Desde que ele começou carreira eleitoral, candidatando-se a prefeito de São Paulo em 1985, virar notícia era tudo que ela receava, sabendo que entraria no radar da mídia não por seus trabalhos acadêmicos, nem mesmo para falar dos movimentos sociais de que ela se tornou uma das primeiras pesquisadoras no país, mas por estar casada com uma figura em ascensão que se distinguia dos políticos convencionais.
Ruth abominava a idéia de adentrar o noticiário por essa porta lateral, não só porque tinha luz própria como intelectual, nem só por femininismo – foi ela quem criou na Universidade de São Paulo o Núcleo de Estudos da Mulher e Relações Sociais de Gênero. Mas principalmente por entender que, se contribuísse para a sua exposição na imprensa – não tendo ela mandato eletivo, nem fazendo parte de um governo – estaria ajudando a confundir o público e o privado, algo a que tinha horror.
Quando o marido virou presidente, por exemplo, o seu desconforto em ser chamada “primeira-dama” vinha menos do arcaísmo engomado da expressão, que não tinha nada a ver com a sua história e o seu temperamento, ou do que o termo contenha de rebaixamento do papel da mulher. Vinha principalmente de ela entender que “primeira-dama” soa ou como enfeite ou como uma espécie de cargo oficial.
O mais era a sua profunda aversão ao risco de se tornar qualquer coisa parecida com uma celebridade, repartindo com o grande público os seus gostos, hábitos e atitudes.
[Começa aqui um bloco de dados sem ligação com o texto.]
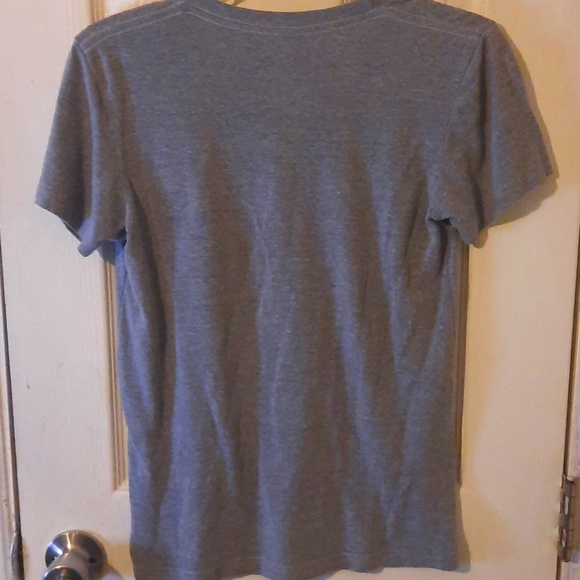 Super soft cotton/polyester blend gray short sleeve tee, size medium. - Picture 4 of 4
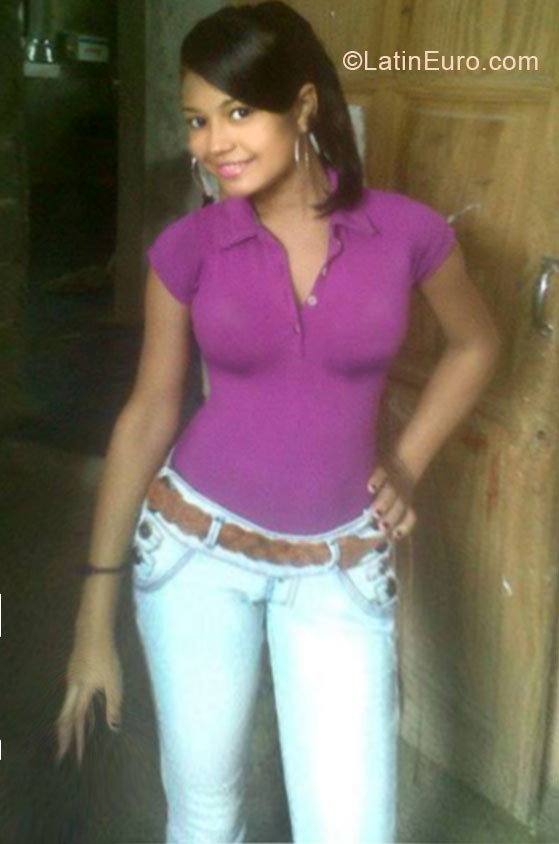 Date this georgeous Dominican Republic girl Maris Cristina from Santo Domingo DO20652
Poucas vezes na vida ela terá ficado tão possessa como no dia em que viu no jornal uma foto, tomada às escondidas, em que ela aparece com filhos e netos à beira da piscina do Planalto.
O pior é que muitos jornalistas não entendiam as queixas de ‘dona Ruth’.
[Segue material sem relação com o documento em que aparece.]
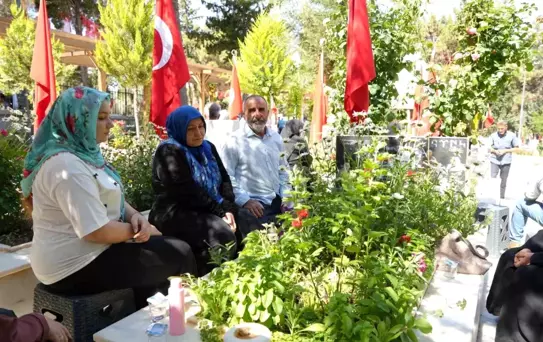 Gaziantep'te mezarlıklar ve şehitlikler Arefe günü doldu taştı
Já “ex-primeira-dama” e dirigente de Organização Não-Governamental, indignava-se com matérias, cujas falhas apontava uma a uma, que sugeriam que o chamado Terceiro Setor – o conjunto de ONGs em atuação no país – estava praticamente todo ele contaminado por práticas suspeitas e pela promiscuidade com o poder público.
Num seminário em São Paulo, em 2004, criticou implicitamente a imprensa quando apontou o fato de os críticos não enxergarem os controles já existentes sobre as atividades das ONGs, embora reconhecesse a necessidade de serem aperfeiçoados.
Na intimidade que buscava a todo custo preservar – custou a se acostumar a ser acompanhada por um, aliás uma, segurança -, era menos formal e mais divertida do que a sua persona pública. Certa vez, comentando numa roda a visita ao Palácio Buckingham, na visita de Estado do então presidente ao Reino Unido, disse que a rainha e as senhoras da corte que os receberam “pareciam minhas tias de Araraquara”.